* **Task statement**
Your response should be an exact transcription of the data, images excluded.

* **Data provided**
=== Section Start ===

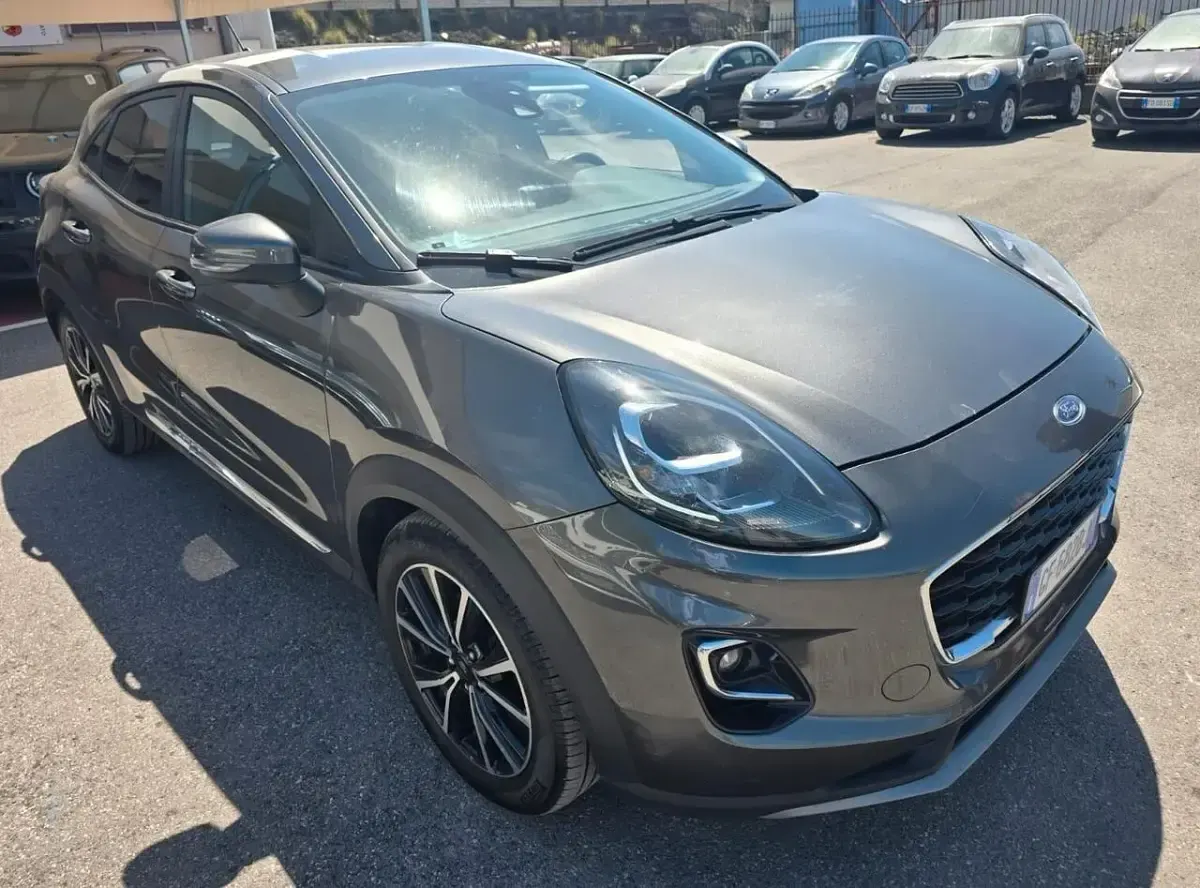 Usata Ford Puma Titanium 125 CV (91 kW) 2021 Grigio SUV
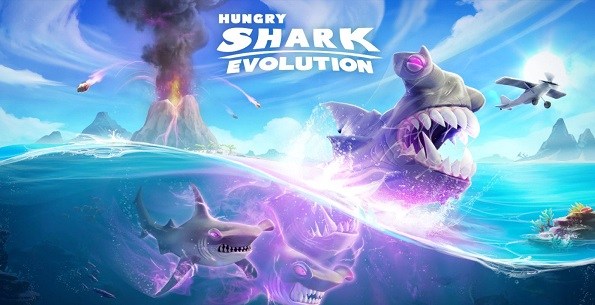 饥饿鲨进化破解无限钻石无限金币-饥饿鲨进化破解游戏下载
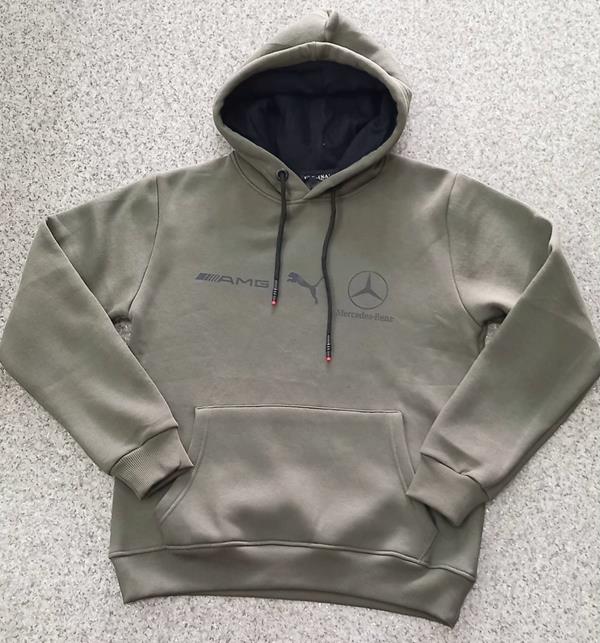 Худи Red Line (M-2XL) 9142 khaki (зима)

=== Section End ===

* **Task result**
 Usata Ford Puma Titanium 125 CV (91 kW) 2021 Grigio SUV
 饥饿鲨进化破解无限钻石无限金币-饥饿鲨进化破解游戏下载
 Худи Red Line (M-2XL) 9142 khaki (зима)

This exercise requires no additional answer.